[[ GIVEN MATERIAL, beginning ]]
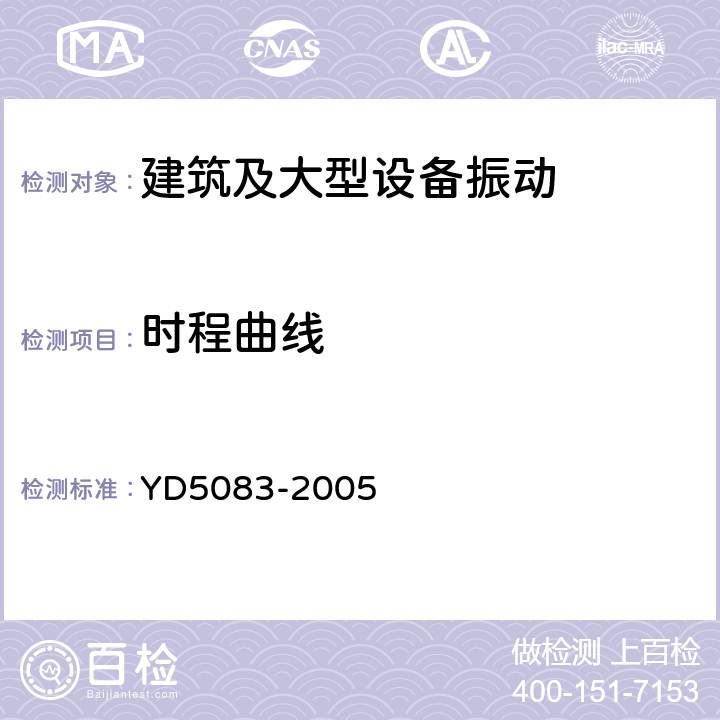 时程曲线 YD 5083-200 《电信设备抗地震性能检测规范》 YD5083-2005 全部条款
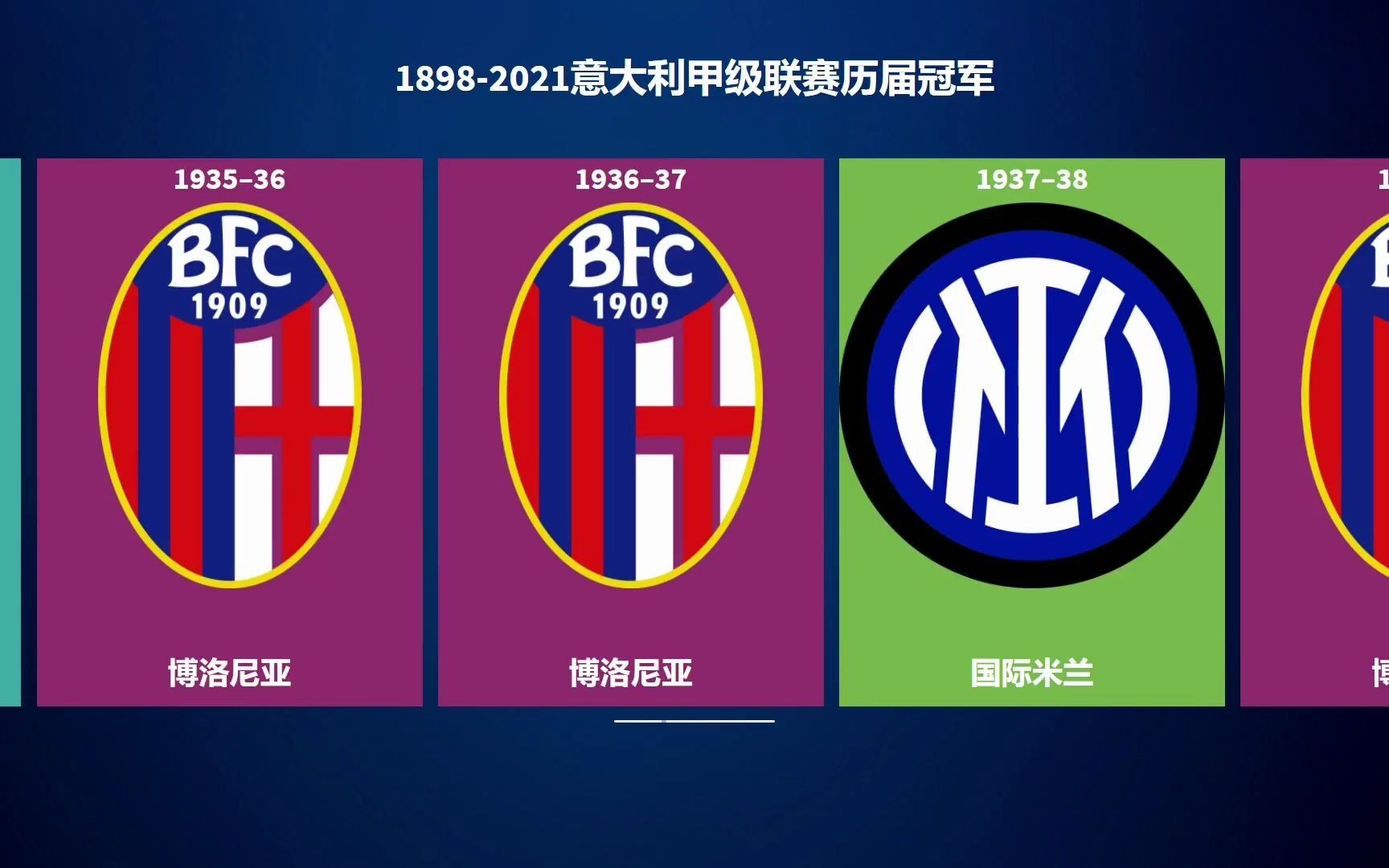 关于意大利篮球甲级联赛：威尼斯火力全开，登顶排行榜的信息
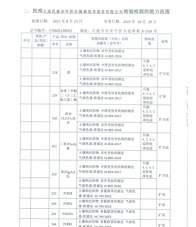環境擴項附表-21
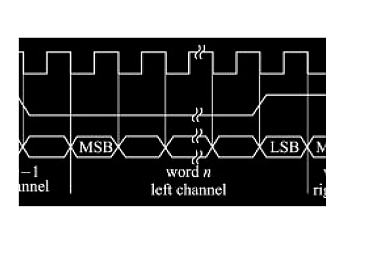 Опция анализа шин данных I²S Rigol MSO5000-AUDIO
[[ GIVEN MATERIAL, end ]]
> **ACTIVITY**
Leaving the images out, retype all the material above exactly.

> **COMPLETED EXERCISE**
 时程曲线 YD 5083-200 《电信设备抗地震性能检测规范》 YD5083-2005 全部条款
 关于意大利篮球甲级联赛：威尼斯火力全开，登顶排行榜的信息
環境擴項附表-21
 Опция анализа шин данных I²S Rigol MSO5000-AUDIO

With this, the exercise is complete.